The free-throw-challenged Billikens lost games last season because they could not make free throws. They made 59.8 percent. Yes, it has gotten worse. Somehow.

Mark it down. The Billikens will lose a heart-breaker or three if they do not figure this out.

2. Collins' court vision, in context

SLU freshman point guard Yuri Colins, the St. Mary's product, has a gift for seeing the court and finding teammates. This, we knew. But these numbers are impressive. Collins' 25 assists, an average of 8.3 per game, leads all college freshman. No other A-10 player, freshman through senior, has come within five assists of Collins. He's got a gift, and he's just getting started.

3. What makes Tilmon's curse so painful

Jeremiah Tilmon falling into his familiar foul-trouble trap was not the only reason the Missouri men's basketball team fell short of a resumé-building road win against a ranked Xavier team. The Tigers were too sloppy with the ball. They did not hit enough shots. But when a game plan that prioritizes playing through Tilmon dissolves within minutes, some offensive chaos is almost guaranteed to happen, especially on the road against a good team in a hostile arena.

Tilmon's two quick fouls put his team in a bad spot. The Tigers can't seem to figure out how to keep the big man on the court. It's year three. Continuing to bank on Tilmon breaking through this problem is doubling down on a strategy that has not worked yet. Bringing him off the bench might be the best option, at least for a while. If nothing else, there has to be a Plan B that can be switched to seamlessly when his foul trouble arrives in a flash.

What has to drive Martin crazy is what Tilmon was able to do in a 23-minute sample size that was robbed of flow because of the fouls. Tilmon made four-of-five shots, blocked two shots and grabbed four rebounds after sitting most of the first half. Imagine if he would have played 30-plus minutes and been around long enough for the offense to establish itself with him in the paint.

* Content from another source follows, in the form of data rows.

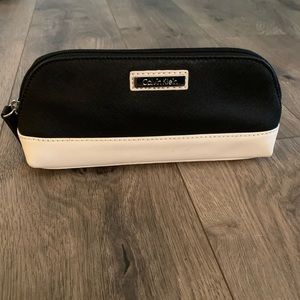 Calvin Klein cosmetic bag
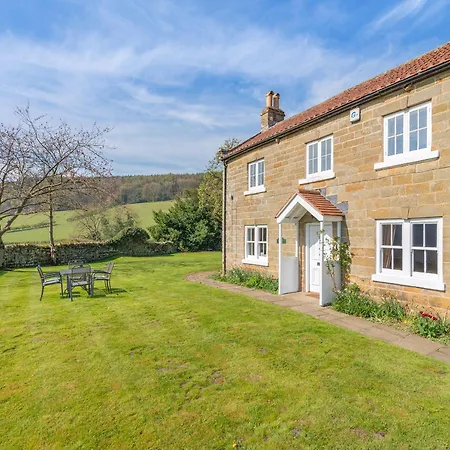 Manor House Farm - Uk49536 Vakantiehuis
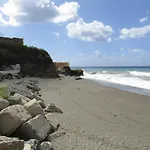 La Ficuzza Casa de Férias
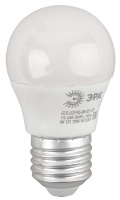 Лампа светодиодная E27 220-240В 8Вт 2700К ЭРА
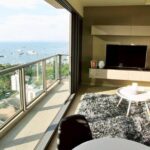 Квартира с 2-мя спальнями 67м2 в Unixx South Pattaya
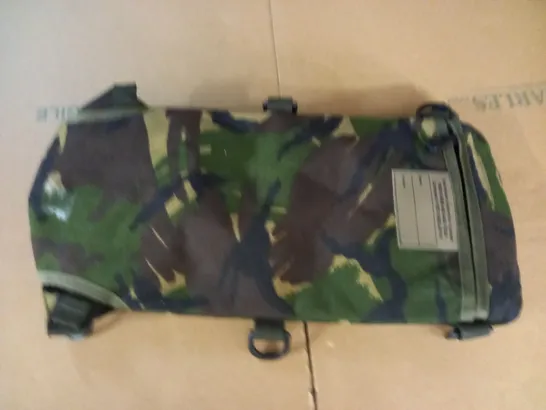 CAMO PATTERN PERSONAL HYDRATION SYSTEM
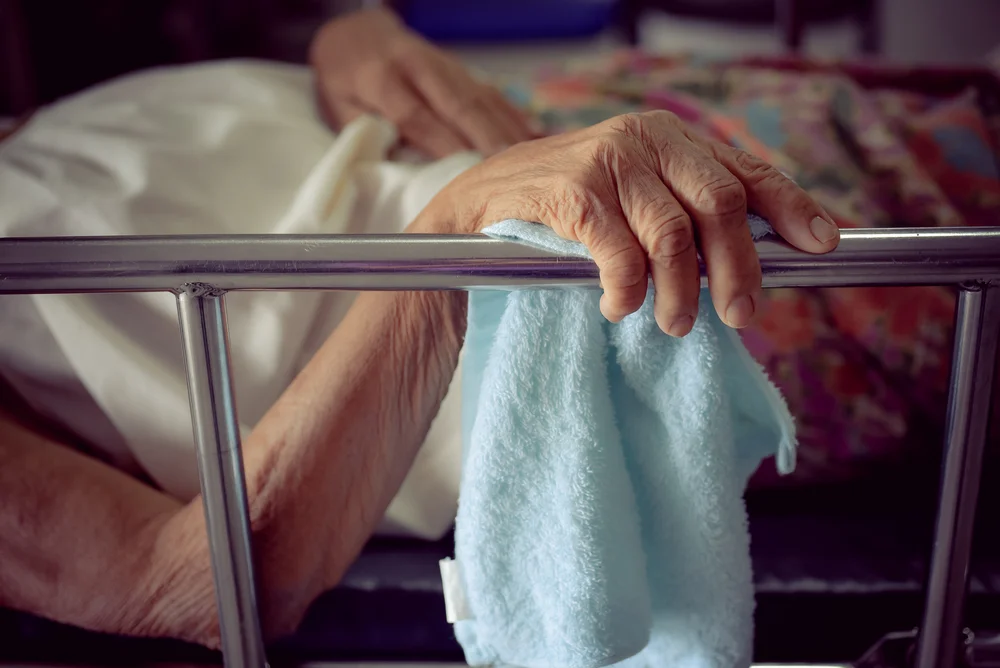 senior care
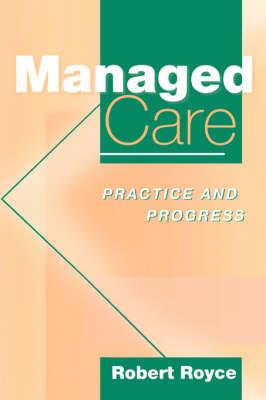 Managed Care - Click Image to Close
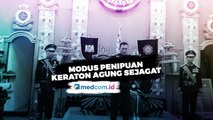 Highlight Primetime News - Modus Penipuan Raja dan Ratu Keraton Agung Sejagat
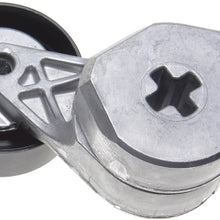 ACDelco 38266 Professional Automatic Belt Tensioner and Pulley Assembly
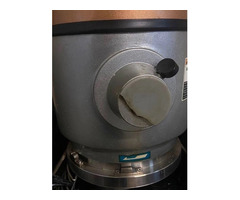 Тестомес Миксер планетарный Spar SP30HA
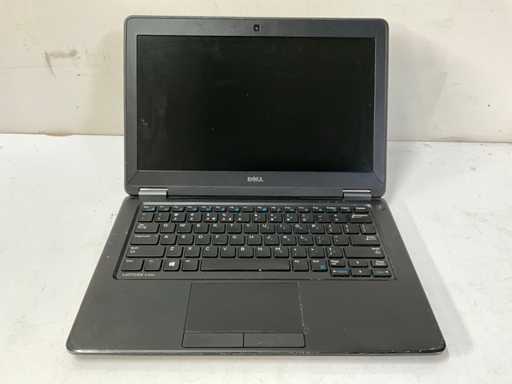 Dell - Latitude E7250 - Ordinateur portable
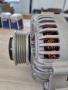 KIA K2500 K2700 K2900 K3000S BONGO 2.9CC TD-CRDI 2007-2011г АЛТЕРНАТОР DENSO KOREA 12V-90A, снимка 2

Tilmon is averaging 21.1 points, 9.1 rebounds and 5.14 blocks per 40 minutes. That's why it's so hard to not start him. He is the tent pole to the Tigers' season. If he sits, the ceiling is significantly lower. If he stays on the court, this team will exceed expectations. The hard part is figuring out a way to get the most out of him without letting a bad game for him turn into a bad game for the team. Martin has tried everything. He's had Tilmon visualize starting the game with two fouls. He's had refs at practice. He's leaned on officials and the SEC. He's worked as hard at this as Ford has fixing SLU's free-throw plague.

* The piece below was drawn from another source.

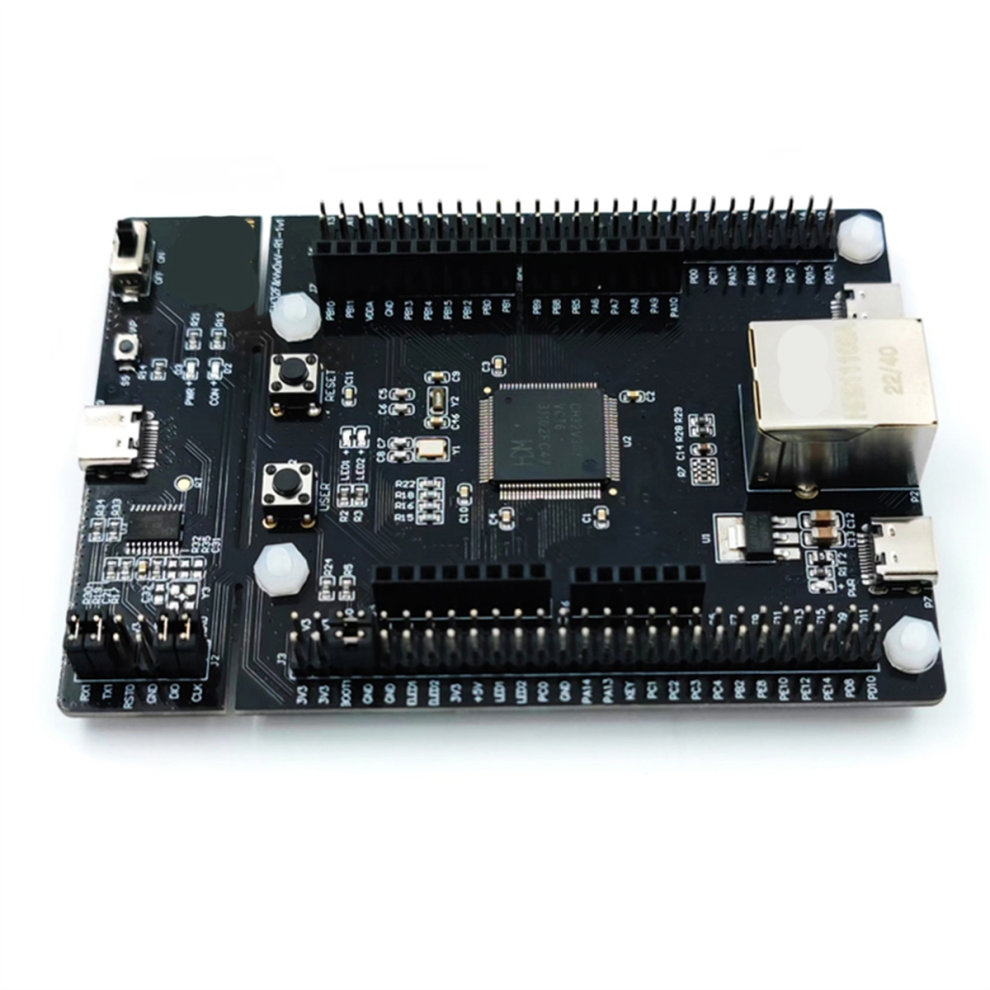 Tauoh CH32V307V-EVT-R1 Evaluation Board RISC-V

Thinking out loud here. One potential fix might be eliminating the ask of Tilmon to set screens at or above the 3-point line. Just nix it. Have someone else run that action. Eliminating the moving-screen fouls from the long list of situations that gets the big man in trouble would keep Tilmon in and around the post, where officials are more likely to let him throw his weight around.

Tilmon does seem to be watched more closely than any other player. Why? I don't know. He has a reputation of a player who fouls a lot. He is big and strong and physical. If talking to the officials and the league was going to help, it would have helped by now. Tilmon, and how he is used, is going to have to be what changes.

4. Chaifetz should be the place to be Sunday

Back to SLU for one moment. Coach Ford is campaigning his tail off this week. He wants a packed Chaifetz Arena for Sunday's home game against No. 12 Seton Hall. And, you know what? He should get it. The Billikens have handled their business. They are defending A-10 Tournament champions. They are 3-0. Their star player is the versatile and exciting Jordan Goodwin. Hasahn French is a human highlight reel. Collins, mentioned above, is another local. Same for Fred Thatch. As is Terrence Hargrove Jr., who is working his way off the bench.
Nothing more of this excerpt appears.